Due ragazze di Lecce con la pettorina gialla sono invece studentesse a Roma. «Non ci sta bene niente, l’università ha pochi soldi per le borse di studio e noi finiamo dentro il lavoro nero; facciamo le cameriere nei pub e nei ristoranti, dove capita». Qualche striscione anche per la Re-te28Aprile, l’area programmatica di Giorgio Cremaschi. Qui stiamo tra quadri sindacali esperti, ancora con lo sguardo sui risultati del «referendum» e sui conti che a loro non tornano. Ma che ricordano «il voto delle grandi fabbriche del nord», che è «la base per costruire una svolta sindacale, ma anche politica a sinistra». Si galleggia avanti e indietro in un corteo «indisciplinato», con la gente che sorpassa la «testa» aggirandola dai marciapiedi o tagliando direttamente per vie traverse. Gianni Rinaldini, segretario generale della «ribelle» Fiom, sorride e non vuole aggiungere nulla a quello che si vede e sente. «Stai a sentire chi lavora, oggi, mi sembra abbiano molto da dire».
Un ragazzo con la bandiera della Filcams Cgil se ne va in cerca dei suoi. «Siamo venuti da Trento in duecento. Mi pare che ci sia un risveglio di coscienza, che è più importante del motivo per cui ci siamo mossi. Stiamo smettendo di pensare che qualcuno ci regali qualcosa; bisogna smettere di piangersi addosso, perché nessuno ti aiuta. Se hai qualcosa da pretendere, ti devi muovere in prima persona».
La bandièra Cgil Como attira lo sguardo. «Non sopportiamo padroni in ditta, figuriamoci nel sindacato. E poi Epifani non è il padrone della Cgil. Sono 37 anni che faccio il sindacato, l’abbiamo fatto diventare grande noi. E nessuno ci aveva mai chiesto di non portare le nostre bandiere con noi». E insieme agli altri ci tiene a far sapere che sono la rsu del-l’Spt (i trasporti pubblici). Poco più indietro sventolano le scritte «funzione pubblica», con quadri che ironizzano sull’esercizio provvisorio» (se il governo va in crisi) come un modo «di non darci nemmeno quei 101 euro del contratto». Non manca la scuola, e un docente che ci chiede quanti siamo. «Trecentomila, secondo la questura», rispondo. Sorride.
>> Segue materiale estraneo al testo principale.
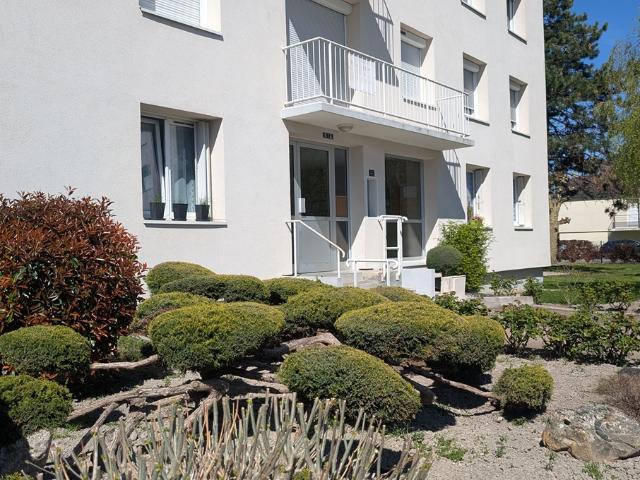 Appartement T1 avec balcon à louer dans résidence sécurisée avec espaces verts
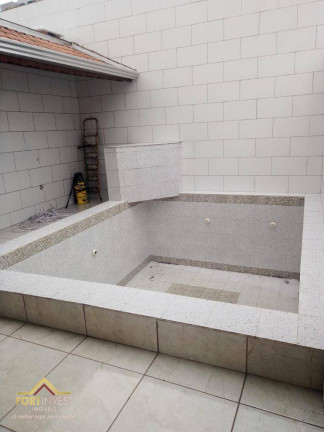 Imagem Imóvel com 5 Quartos à Venda, 254 m² em Caiçara - Praia Grande Imagem Imóvel com 5 Quartos à Venda, 254 m² em Caiçara - Praia Grande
«Secondo la regola aurea fissata per, lo sbarco dei 1.000 a Marsala- quando la questura di Roma stabilì che erano solo 330 – possiamo anche dire di essere un milione». Ah, la storia… Se non la sai, ti sembra sempre tutto «nuovo».
Un delegato di Melfi sta seduto sotto il palco. Ragiona con pacatezza, senza slogan. Ma «quando fai una riforma sociale così importante (il protocollo, ndf) bisogna tener conto del parere dei lavoratori; e quelli che producono la ricchezza hanno detto chiaramente come la pensano». A Melfi il «no» ha avuto ì’80%, anche se la Fiom ha solo il 20. E poi «è riduttivo parlare di ‘aumento della vita media’; per chi sta alla catena non è aumentata per niente». E basta accontentare le imprese, che «vogliono sempre più produttività, aumentando i ritmi». A Melfi «su 5.000 lavoratori ancora giovani, sono più di 1.000 quelli che hanno riportato fin qui limitazioni fisiche». Grazie al Tmc2, il sistema messo sotto inchiesta da Guariniello («in quel processo la Fiat è andata al patteggiamento, che è un’ammissione di colpevolezza»).
Ed è lui a tracciare un po’ il quadro di come vengono viste le «alte sfere» della politica (sindacato compreso) dai lavoratori ieri in piazza. «La Cgil sta cercando di sostenere il governo fin quasi all’estremo. Ma anche se si arrivasse a fine mandato -Mastella permettendo – i lavoratori non voterebbero più quei partiti; e noi resteremmo anche senza quella forza di avanzamento, il sindacato, che ci ha permesso di fare la storia di questo paese». Dopo il corteo di ieri, però, c’è forse qualche margine di risposta in più.